While the three politicians happen to share the same surname, they are not related.
Mayor Chen Chu lent her support Friday morning to a motion from local Democratic Progressive Party city councilors to ask President Ma Ying-jeou to pardon the former president, who once was his toughest rival.
Ma defeated Chen in 1998 as the latter tried to be elected to a second term as mayor of Taipei City. Ten years later, as Chen ended his second and final term as president, Ma was elected head of state.
Mayor Chen Chu said Friday a pardon for the former president would promote social harmony and reconciliation in Taiwan.
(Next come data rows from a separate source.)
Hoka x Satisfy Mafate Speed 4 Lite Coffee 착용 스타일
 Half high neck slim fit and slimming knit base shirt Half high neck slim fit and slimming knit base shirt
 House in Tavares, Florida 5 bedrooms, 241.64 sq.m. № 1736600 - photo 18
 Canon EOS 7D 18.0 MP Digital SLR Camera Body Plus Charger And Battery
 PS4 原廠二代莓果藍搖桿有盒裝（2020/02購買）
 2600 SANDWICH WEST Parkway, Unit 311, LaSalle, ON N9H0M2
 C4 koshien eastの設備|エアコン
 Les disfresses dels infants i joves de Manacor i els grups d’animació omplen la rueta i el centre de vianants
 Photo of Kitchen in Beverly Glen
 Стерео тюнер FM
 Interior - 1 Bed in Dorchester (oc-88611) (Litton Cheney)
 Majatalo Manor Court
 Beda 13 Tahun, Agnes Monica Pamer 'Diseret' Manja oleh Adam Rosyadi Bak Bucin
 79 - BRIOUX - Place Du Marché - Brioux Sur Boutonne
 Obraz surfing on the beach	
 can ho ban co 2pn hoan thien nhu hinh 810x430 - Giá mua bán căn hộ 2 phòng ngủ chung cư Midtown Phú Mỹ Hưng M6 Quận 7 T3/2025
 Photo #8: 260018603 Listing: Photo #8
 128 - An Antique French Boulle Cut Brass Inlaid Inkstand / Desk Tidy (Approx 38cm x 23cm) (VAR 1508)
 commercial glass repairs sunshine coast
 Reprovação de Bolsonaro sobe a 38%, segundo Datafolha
After the visit, she said he did not say much and did not discuss politics.
Reacting to the calls for a pardon, the ex-president’s son, Chen Chih-chung, said in an online piece that it would not be enough, and that the restoration of his health, his reputation and his freedom were issues that his relatives were paying even more attention to.
The Presidential Office said that a pardon would usually be considered after verdicts in an individual’s legal problems were final, but that was not the case with Ma’s predecessor.
As Chen left office, he and several members of his family became caught in a web of allegations surrounding money laundering, favoritism, bribes and influence peddling.
The former president and his supporters have claimed that many of the accusations were false and part of a political vendetta by his long-time opponents in the Kuomintang.
Chen was the first-ever president from the DPP, with current party chairperson Tsai Ing-wen only the second one. She is scheduled to be sworn in with her running mate Chen Chien-jen as president and vice president respectively on May 20.